Frank Martin vit tranquillement à Marseille. Jusqu'au jour où un trafiquant de déchets industriels fait appel à ses services de transporteur contre son gré. Frank doit convoyer un paquet jusqu'en Europe centrale, et un bracelet explosif lui est attaché : s'il s'éloigne trop de sa voiture, il explose.
Je n'étais guère convaincu par les deux premiers volets, de beaux navets. Aucun raison d'être rassuré avec ce troisième, toujours produit par Europacorp. Et cette fois réalisé par leur yes-man Olivier Megaton.
Le résultat est moins pire que ce à quoi je m'attendais, les scènes d'action restant à peu près lisibles (je dis bien à peu près !). En effet, Olivier Megaton n'avait visiblement pas encore cédé à sa manie de monter les scènes sous cocaïne, à 3 plans par seconde.
Pour autant, ça reste m'as-tu-vu et inélégant au possible.
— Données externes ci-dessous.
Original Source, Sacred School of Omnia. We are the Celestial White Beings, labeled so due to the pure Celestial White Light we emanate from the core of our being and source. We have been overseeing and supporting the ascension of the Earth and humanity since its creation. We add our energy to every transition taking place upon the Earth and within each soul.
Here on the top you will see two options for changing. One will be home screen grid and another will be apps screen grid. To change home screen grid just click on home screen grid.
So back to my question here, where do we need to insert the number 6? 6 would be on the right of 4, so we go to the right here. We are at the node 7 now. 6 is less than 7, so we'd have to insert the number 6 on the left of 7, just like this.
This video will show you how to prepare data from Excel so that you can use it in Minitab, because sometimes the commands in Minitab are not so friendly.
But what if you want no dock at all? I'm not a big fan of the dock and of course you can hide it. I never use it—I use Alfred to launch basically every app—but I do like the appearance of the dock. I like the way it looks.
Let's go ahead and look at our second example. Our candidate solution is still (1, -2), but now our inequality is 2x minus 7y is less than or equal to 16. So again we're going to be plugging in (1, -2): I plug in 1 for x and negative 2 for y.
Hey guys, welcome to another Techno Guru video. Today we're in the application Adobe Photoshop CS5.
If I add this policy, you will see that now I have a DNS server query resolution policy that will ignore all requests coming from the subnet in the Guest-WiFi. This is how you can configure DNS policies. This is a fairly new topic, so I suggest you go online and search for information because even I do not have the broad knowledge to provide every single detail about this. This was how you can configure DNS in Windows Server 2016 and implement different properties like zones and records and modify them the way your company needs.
Il y a du boulot sur les combats, et même les cascades (dont une voiture qui passe entre deux camions). Mais c'est tellement filmé de manière rentre-dedans et vulgaire que l'impact est très limité. Sans compter tous les clichés possible. On nous ressort le coup des déchets toxiques, en mode liquide vert bouillonnant dans des fûts. Tous les méchants sont habillés de vestes en cuir noires, toutes les voitures sont des grosses cylindrées de marque, noires également. Au passage le placement produit automobile est assez insupportable.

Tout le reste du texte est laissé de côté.